Леонид Лиходеев - Я и мой автомобиль
Пашка ворочается рядом, за бруствером сена, он хочет мне что-то сказать, но что может сказать мне Павел Петухов, когда я лежу на сене и смотрю на луну?
Она горела всегда с перекалом и никогда не гасла, уставившись на землю неподвижными бледными чертами своего слепящего лица. Она уставилась на землю, не видя ее, и надо было просто взглянуть оттуда, чтобы луна прозрела…
Я лежу в сене, как в пеленках, и сено мое шуршит на круглой планете, отороченной голубоватой атмосферой страстей. Страсти эти темны с невидимой стороны и сверкают с видимой, и нет ничего, кроме них, вокруг небольшого шара в упругой ночи мироздания. И негде им больше приткнуться, этим темным и светлым страстям, — совершенно негде, кроме как вокруг своего круглого шара, насыщенного медом и кровью, ревом и тишиной.
Рядом со мною лежит Пашка Петухов, автомобильный инженер, который, я чувствую, закипает остроумием по поводу нашего первобытного ночлега. Но что он может сказать на стоге сена в виду полной луны? Рядом со мною лежит Ваня Раздольнов, человек, понимающий по-птичьи, бывший технический студент, перешедший в пророки. Он молчит, ему незачем говорить, ибо ночь сама по себе похожа на проповедь. Сиреневая проповедь опустилась на землю, прохладная и теплая, спокойная и величественная, в которой не изменить ни слова. Я слушаю эту проповедь и поддаюсь ее снотворной силе, я слышу в ней несуразности и промахи, но она сильнее меня, и я тоже молчу, и мерещится мне отдохновение…

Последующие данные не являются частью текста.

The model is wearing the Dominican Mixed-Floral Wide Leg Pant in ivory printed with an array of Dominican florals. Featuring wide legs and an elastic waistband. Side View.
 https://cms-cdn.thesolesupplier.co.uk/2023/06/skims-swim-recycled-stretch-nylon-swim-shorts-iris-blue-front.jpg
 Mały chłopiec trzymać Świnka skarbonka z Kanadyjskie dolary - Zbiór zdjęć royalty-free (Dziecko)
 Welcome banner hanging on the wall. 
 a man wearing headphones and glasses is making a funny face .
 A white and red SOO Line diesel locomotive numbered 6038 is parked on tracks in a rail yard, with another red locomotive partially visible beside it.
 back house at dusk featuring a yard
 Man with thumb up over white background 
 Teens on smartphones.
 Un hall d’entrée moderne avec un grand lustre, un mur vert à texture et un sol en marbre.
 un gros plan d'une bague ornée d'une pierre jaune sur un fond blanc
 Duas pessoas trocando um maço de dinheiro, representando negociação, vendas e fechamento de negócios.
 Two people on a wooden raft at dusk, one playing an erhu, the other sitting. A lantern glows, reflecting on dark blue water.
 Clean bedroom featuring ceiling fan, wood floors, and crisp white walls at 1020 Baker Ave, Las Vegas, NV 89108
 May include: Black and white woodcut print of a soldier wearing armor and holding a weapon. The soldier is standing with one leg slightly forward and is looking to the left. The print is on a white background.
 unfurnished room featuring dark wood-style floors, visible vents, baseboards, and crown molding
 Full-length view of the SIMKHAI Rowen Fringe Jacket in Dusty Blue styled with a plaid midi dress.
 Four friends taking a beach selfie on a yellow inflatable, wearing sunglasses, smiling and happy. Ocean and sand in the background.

Ваня спохватывается первым и приподнимается на локте.
— Вот так-то, мужики…
Ах, зачем он вылез из тишины, зачем он испугался ее, когда первым должен был испугаться Пашка! Но Пашка выдержал и теперь заговорил от радости:
— Ну что, Лев Толстой, доволен?
— Все шутишь, — говорит Раздольнов, — а ведь действительно деваться от земли некуда…
— Можно на луну смотаться, — возражает Павел.
— Зачем же? Из ранца дышать? Воздух-то земной, привезенный. Воздух, добрый человек, люди за собою возят от родных мест. На луне его нету — проверено.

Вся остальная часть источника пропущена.